New amputees receive what’s called a preparatory prosthesis, which is designed to get them walking in therapy and limb shrinkage.  The preparatory is designed to get the patient down to a stabilized size, once muscles complete their atrophy and stop losing mass. This process takes about 4-6 months after a patient starts walking. At that point in time, it’s time to start all over again – it’s time for the new leg.

“We use a gel liner, either silicon, urethane or TPE plastic to cushion and protect the skin,” continued Michael. “Almost everybody can benefit from having a gel liner against the skin. It grips the skin, it protects the skin from rubbing blistering and irritations, that’s why it’s so universally used. Some have a pin that goes into a lock, and that acts as suspension, so as they move the prosthesis moves with them.”

Prosthetics have certainly come a long way in appearance thanks to today’s technology. “We can do any color a patient wants,” said Michael. “If patients bring us a shirt, or something special they want on their prosthesis, we can laminate that on there with a clear coat, so whatever the fabric on there can show through.”

We mentioned how important it is to understand the patient’s lifestyle and goals. “We never want the prosthesis to limit someone, but we don’t want to build it so technical that they can’t use it, or can’t generate enough force to use it,” said Michael. “People always say they want ‘the best,’ and they associate the best with the most expensive. I can fit you with a Porsche, I can fit you with a Combine. If you’re a farmer, the Porsche is not going to help you. The cost is about the same. It’s really about finding out what your needs are and fitting you with the best product to fit your needs. Then you’ll get the most out of it.”

“There are dynamic feet, which will give energy in return, and there are energy absorbing feet to give you lots of motion,” Michael says. “If you’re hopping up and down on trucks, you may need something that has a lot of cushion, if you’re walking around a constructions site, you want something that will give you all kinds of side to side motion, because you’re stepping over all kinds of terrain and if you’re sitting in an office all day, you’ll want a smooth foot, if you’re a runner, you’ll want something that allows you to do that.” The process is really about patient matching.
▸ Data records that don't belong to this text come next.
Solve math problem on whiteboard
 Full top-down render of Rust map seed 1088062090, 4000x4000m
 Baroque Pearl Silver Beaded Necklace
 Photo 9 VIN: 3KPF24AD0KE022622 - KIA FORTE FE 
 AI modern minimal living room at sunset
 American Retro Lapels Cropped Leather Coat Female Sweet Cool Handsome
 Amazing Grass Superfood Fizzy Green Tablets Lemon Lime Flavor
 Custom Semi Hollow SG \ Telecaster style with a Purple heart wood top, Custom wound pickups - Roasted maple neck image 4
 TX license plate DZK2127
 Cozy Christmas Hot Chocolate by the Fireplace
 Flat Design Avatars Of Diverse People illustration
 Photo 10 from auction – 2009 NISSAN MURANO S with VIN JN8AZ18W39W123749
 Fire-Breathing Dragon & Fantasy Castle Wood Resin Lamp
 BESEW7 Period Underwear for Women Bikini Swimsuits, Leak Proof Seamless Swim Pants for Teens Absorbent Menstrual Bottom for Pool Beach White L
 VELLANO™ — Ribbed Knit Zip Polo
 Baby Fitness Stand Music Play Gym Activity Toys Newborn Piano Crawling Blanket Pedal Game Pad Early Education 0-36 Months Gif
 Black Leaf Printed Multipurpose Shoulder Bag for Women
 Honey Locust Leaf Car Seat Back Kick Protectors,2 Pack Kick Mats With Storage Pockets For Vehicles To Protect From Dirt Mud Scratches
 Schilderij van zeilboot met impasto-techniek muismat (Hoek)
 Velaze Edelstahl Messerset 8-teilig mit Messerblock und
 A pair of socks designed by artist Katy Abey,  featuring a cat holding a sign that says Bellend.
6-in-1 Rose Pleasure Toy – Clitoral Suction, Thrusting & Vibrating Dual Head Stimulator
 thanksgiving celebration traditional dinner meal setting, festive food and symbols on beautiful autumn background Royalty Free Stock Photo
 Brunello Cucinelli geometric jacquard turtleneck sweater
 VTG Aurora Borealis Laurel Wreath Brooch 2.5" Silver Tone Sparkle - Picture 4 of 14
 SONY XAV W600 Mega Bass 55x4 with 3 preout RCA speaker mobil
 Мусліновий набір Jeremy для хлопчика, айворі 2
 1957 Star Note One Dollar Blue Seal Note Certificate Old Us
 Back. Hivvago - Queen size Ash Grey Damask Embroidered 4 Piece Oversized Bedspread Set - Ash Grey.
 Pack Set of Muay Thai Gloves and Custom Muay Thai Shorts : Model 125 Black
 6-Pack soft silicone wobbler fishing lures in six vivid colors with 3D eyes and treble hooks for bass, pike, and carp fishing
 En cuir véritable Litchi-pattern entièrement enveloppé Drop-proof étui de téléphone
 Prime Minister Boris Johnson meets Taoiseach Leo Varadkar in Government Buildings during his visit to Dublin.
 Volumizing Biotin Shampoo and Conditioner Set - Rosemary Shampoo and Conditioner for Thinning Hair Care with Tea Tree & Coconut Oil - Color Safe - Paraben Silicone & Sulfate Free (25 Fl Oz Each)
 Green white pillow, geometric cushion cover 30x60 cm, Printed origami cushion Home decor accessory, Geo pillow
Same thing with prosthetic knees, there are a plethora of options depending on patient capabilities and needs.”

In speaking with Michael, it’s clear he and his team have a progressive and honest approach to getting patients back to their daily lives. They have a number of amputees on staff, allowing them to have a unique perspective on their patient’s daily challenges and how to prevail. They know their job is not done when the prosthetic is finished – they have resources for patients, such as support groups and county and state resources to help patients get back to living the life they want.